Member of the Legislative Council
- In office 30 October 1985 – 25 August 1988
- Succeeded by: Jimmy McGregor
- Constituency: Commercial (First)

Personal details
- Born: 1934 Edinburgh, Scotland
- Died: 4 May 2007 (aged 73) Delray Beach, Florida, U.S.
- Spouse: Claire Hendrixson
- Children: 3
- Education: George Heriot's School University of Edinburgh
- Occupation: Accountant

= Thomas Clydesdale =

Thomas Clydesdale, JP (1934, Edinburgh, Scotland – 2007) was a former member of the Legislative Council of Hong Kong.

Clydesdale was born and brought up in Edinburgh, Scotland. He attended George Heriot's School and the University of Edinburgh. He became a certificated public accountant and member of the Institute of Chartered Accountants of Scotland.

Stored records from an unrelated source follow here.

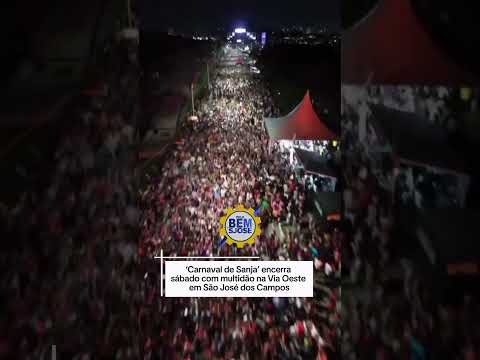 Carnaval em sjc #prefeiturasjc #prefeiturasaojosedoscampos #canaval #saojosedoscampos #saopaulo
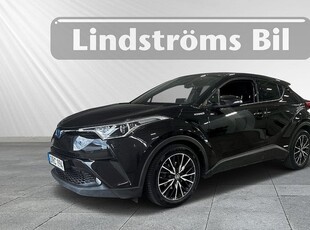 Toyota C-HRHybrid 1,8 X EDT SKINN JBL V-HJUL 2018, SUV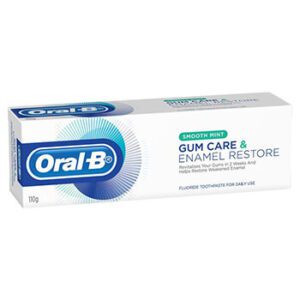 Oral B Gumcare and Enamel Restore 110g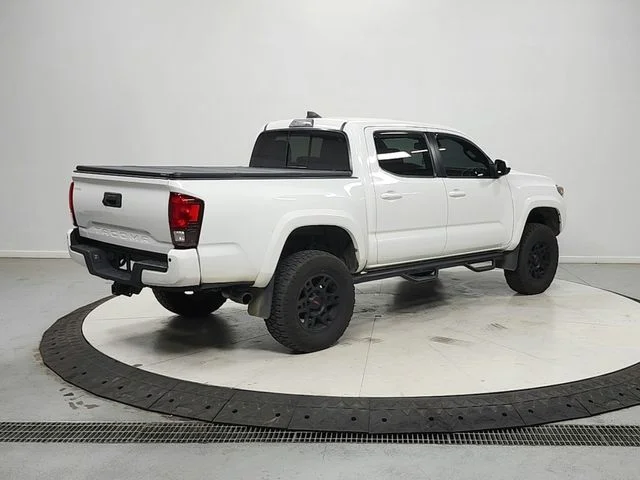 Used 2019 White Toyota TRD Sport image 7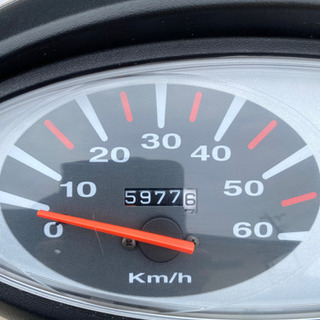 ホンダ　スマートディオ　AF56の画像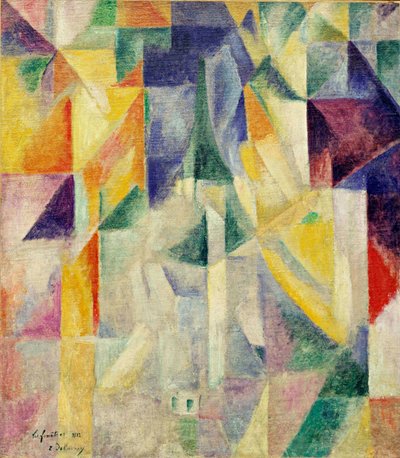  द्वारा Robert Delaunay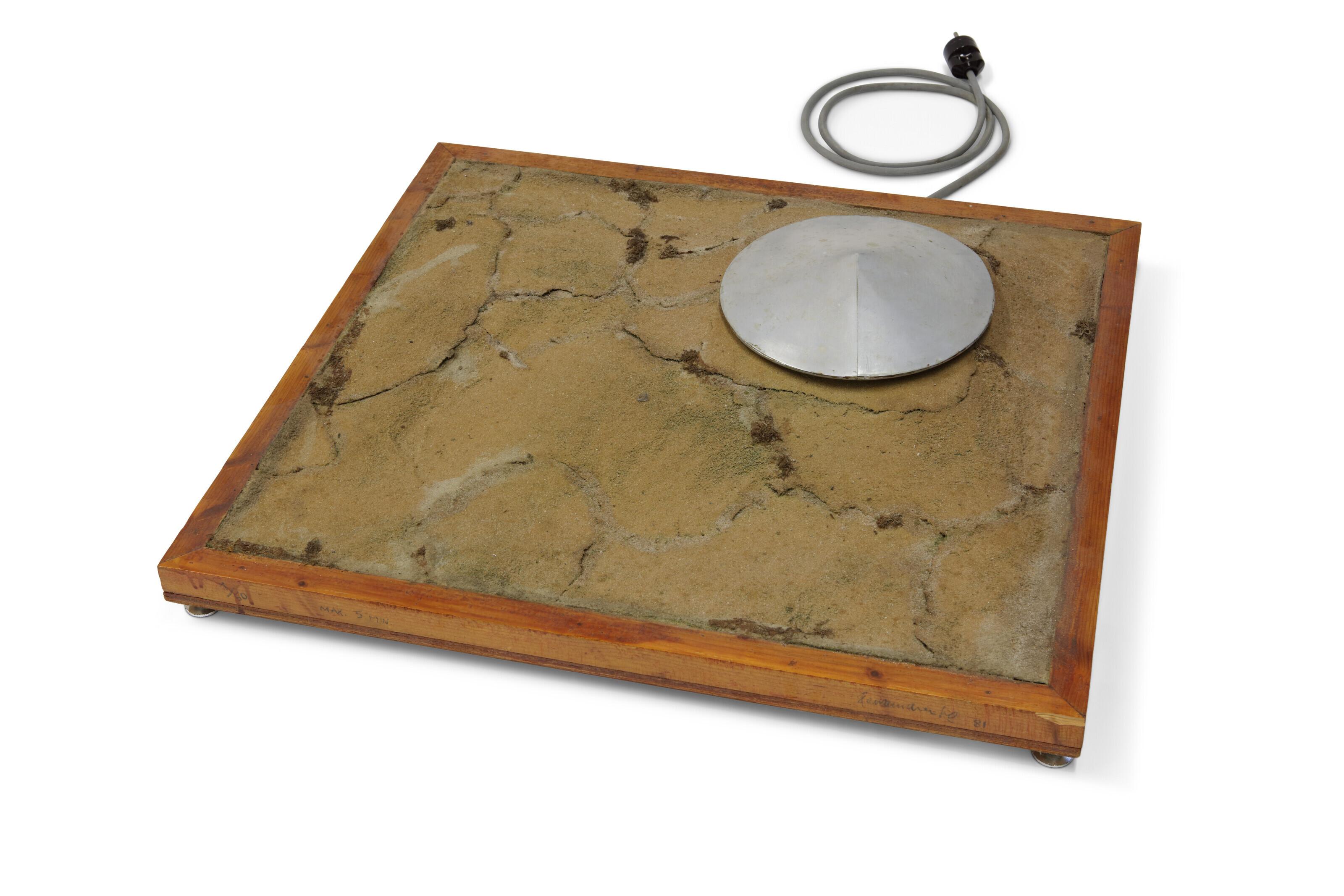 Panamarenko - Magnetic Spaceship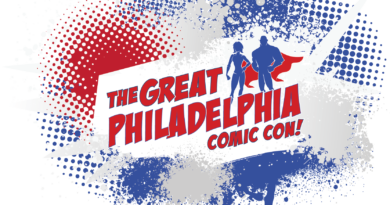 Disney nerds at the Greater philadelphia Comic-con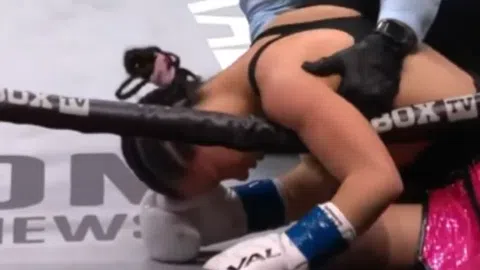 Amerikaans bokstalent (19) ontwaakt uit coma na zware knock-out: 'Goede hoop op verbetering'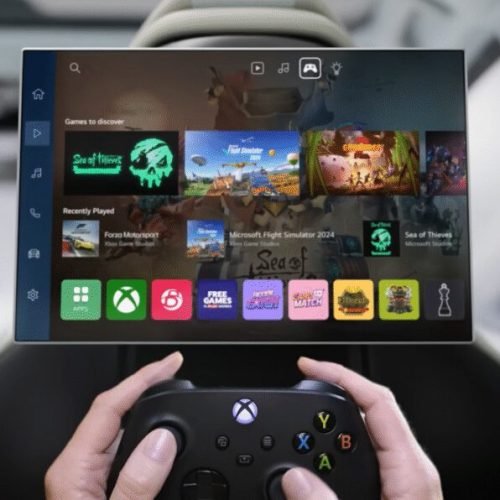 Microsoft e LG levam Xbox Cloud Gaming para carros elétricos: entenda a novidade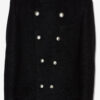 Gil Long Brushed Wool Coat Gil Long Brushed Wool Coat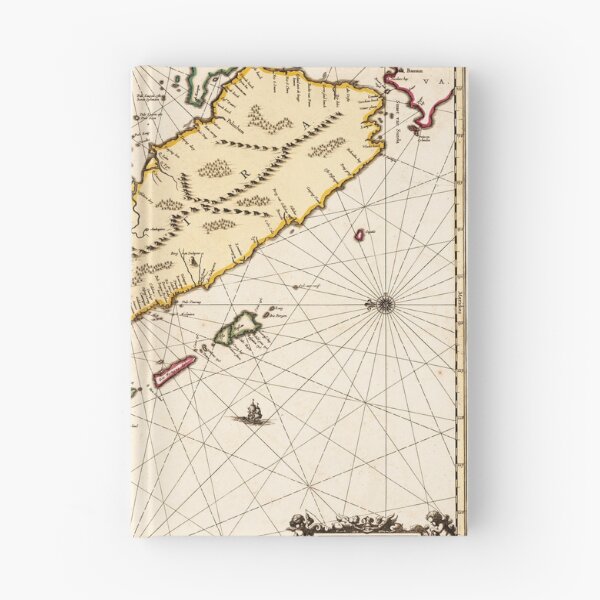 Item preview, Map of Indonesia (c 1700) designed and sold by allhistory.
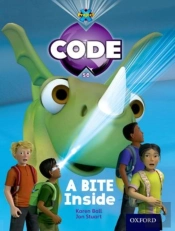 Project X Code: Marvel A Bite Inside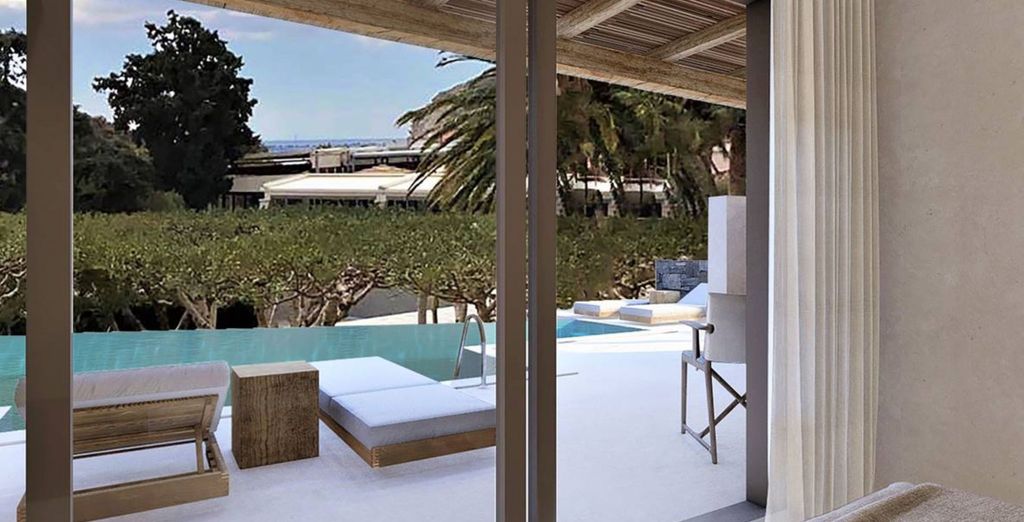 Paralos Irini Mare 4*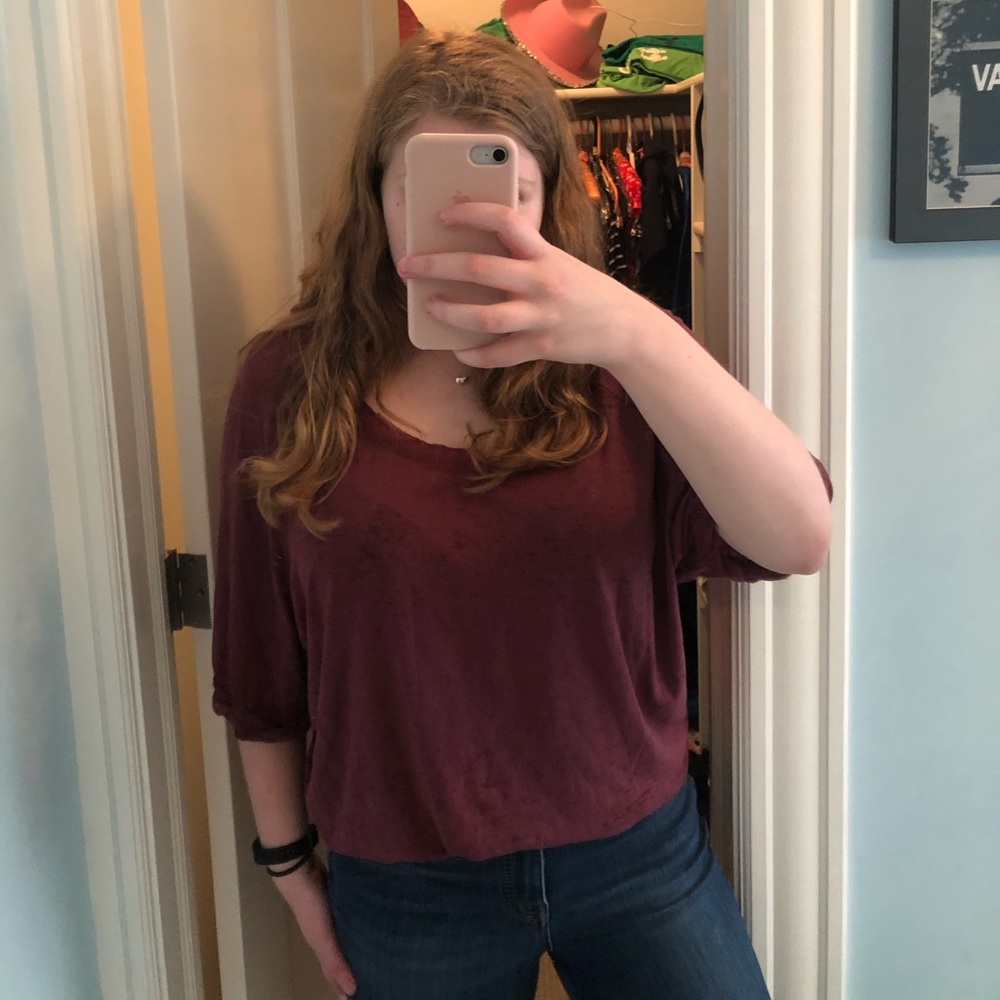 Free People Tunic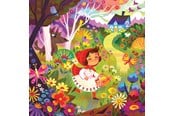 Puzzle - Ravensburger Rotkäppchen - 12004208
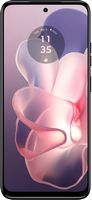 Motorola - moto g power 2024 5G 128GB (Unlocked) - Midnight Blue - Angle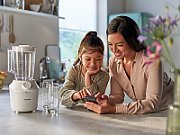 Philips 3000 series HR2041/00 blender 1.9 L Tabletop blender 450 W White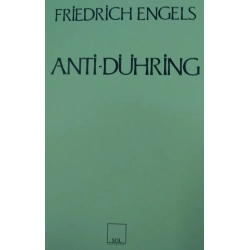 Anti-Dühring Bay Eugen Dühring Bilimi Altüst Ediyor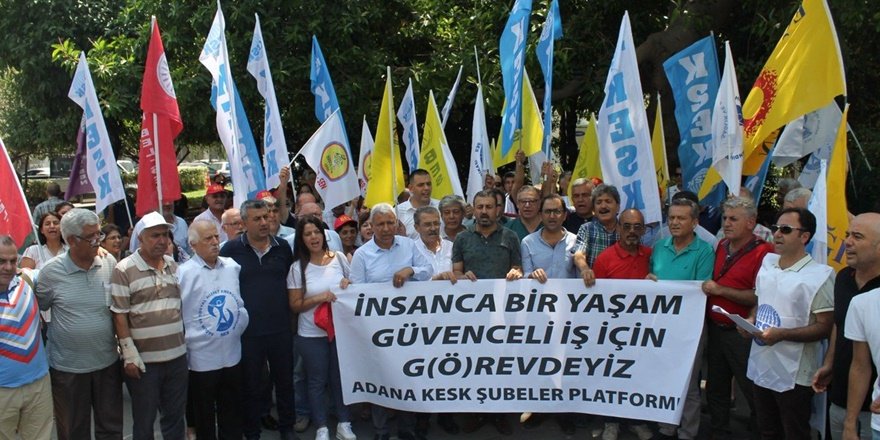 Bozgeyik: TİS oyalamadan ibaret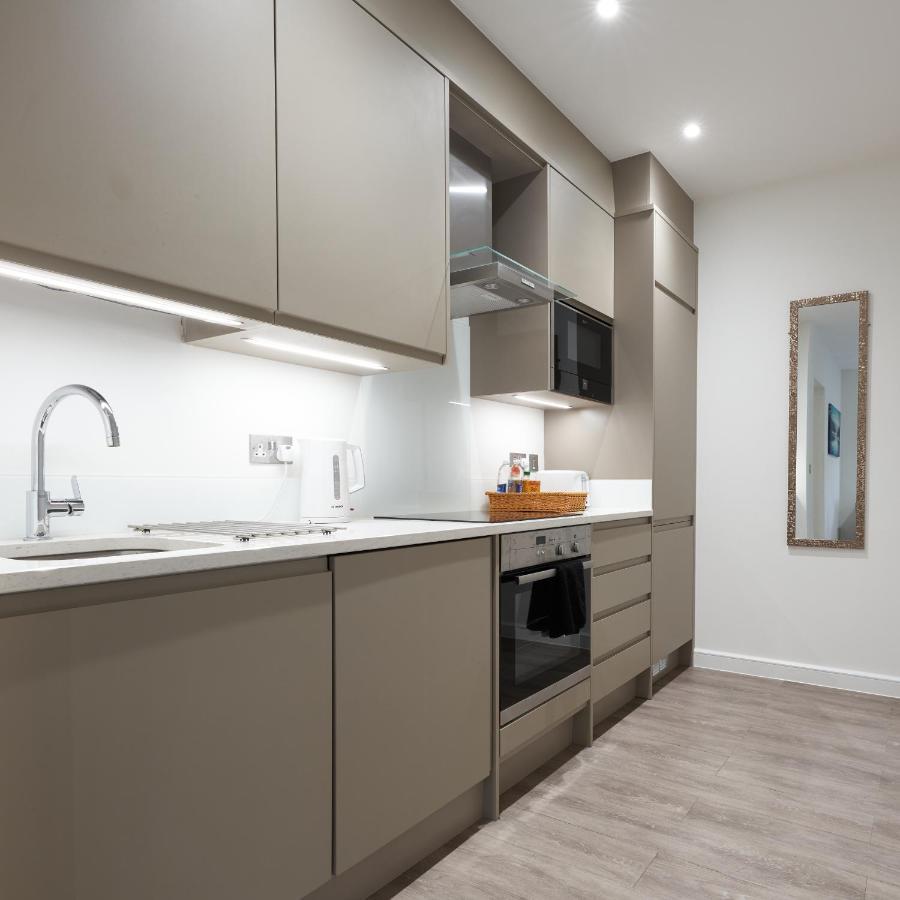 Luxustay Milburn House Apartment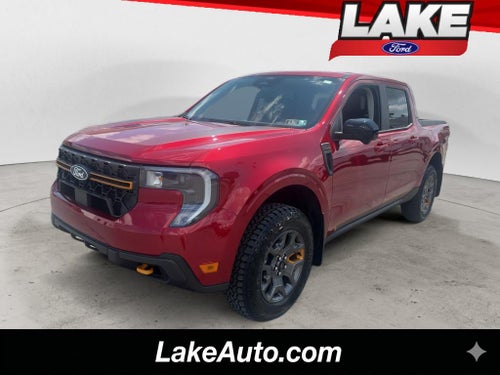 2026 Ford Maverick Tremor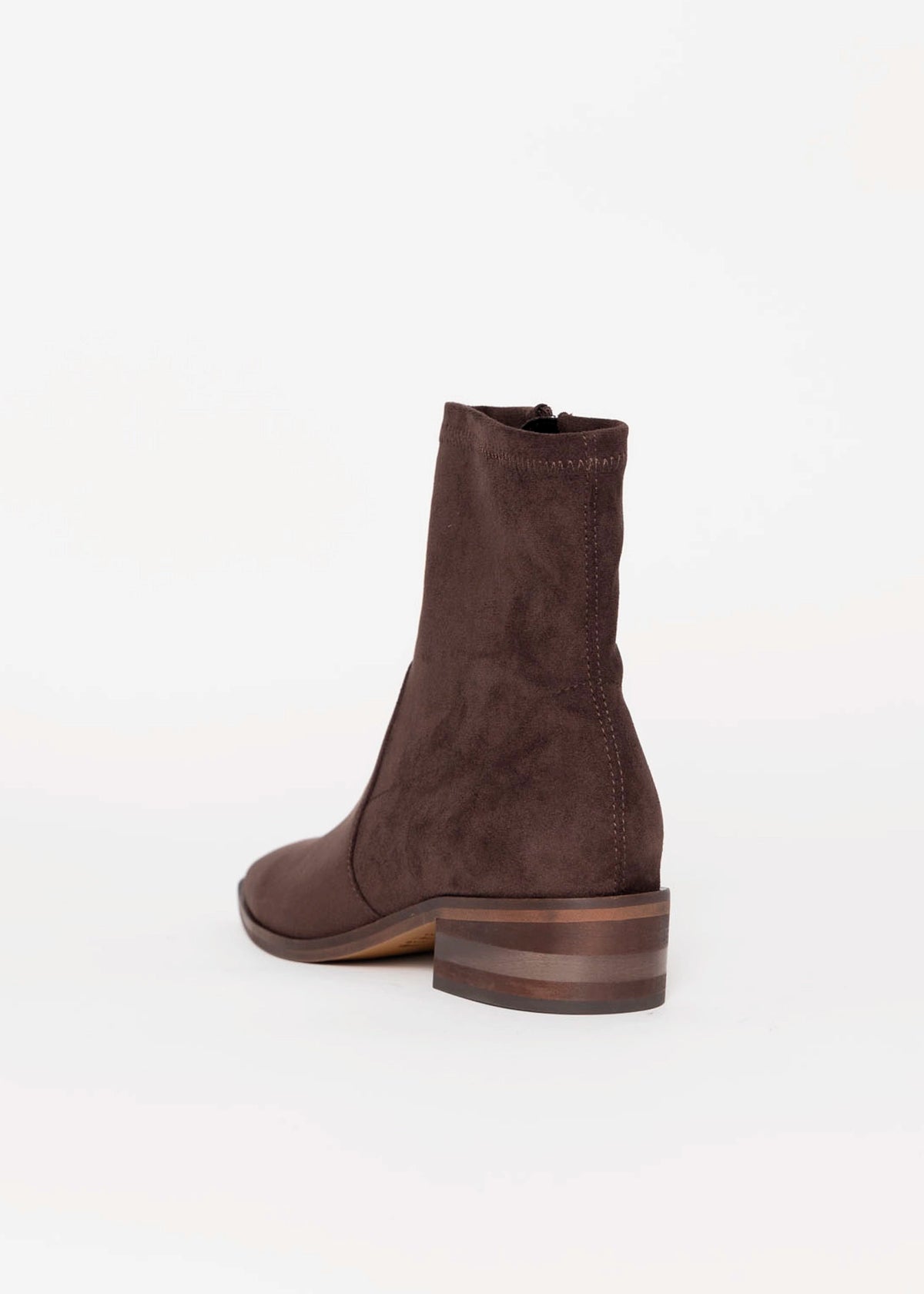 swatch_Chocolate silent d fuller stretch ankle boot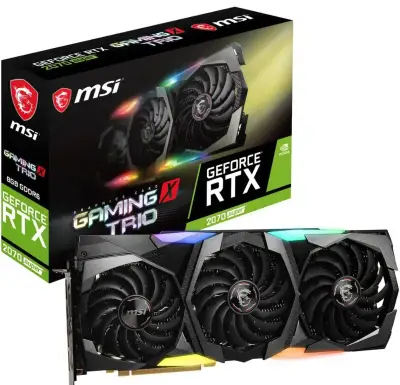 Rtx 2070 super 8gb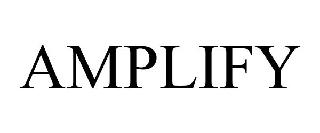 Trademark Logo AMPLIFY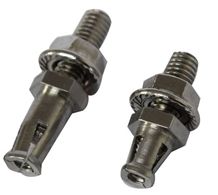 Undercut Anchor Bolt Vtu-04 / Stone Fixing Anchor / Granite Anchor / Marble Ancho / Ceramic Anchorr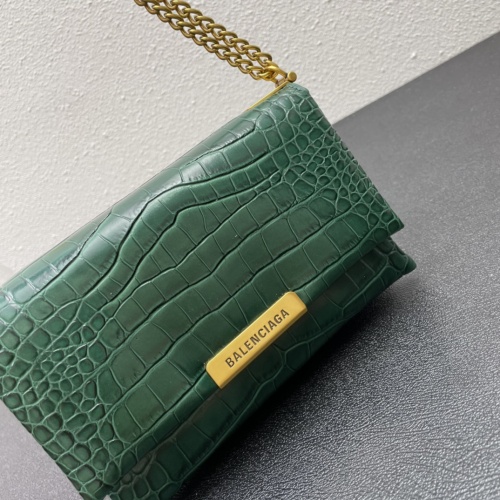 Replica Balenciaga AAA Quality Shoulder Bags For Women #1055004 $98.00 USD for Wholesale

He was also a fellow of the Hong Kong Society of Accountants and the president of the Society in 1982. Clydesdale was an accountant with Lowe Bingham & Matthews (now PricewaterhouseCoopers) from 1959 until he retired as senior partner in 1989.

He was the president of the Hong Kong General Chamber of Commerce between 1986 and 1987 and Chamber's representative in the Legislative Council through the Commercial (First) functional constituency.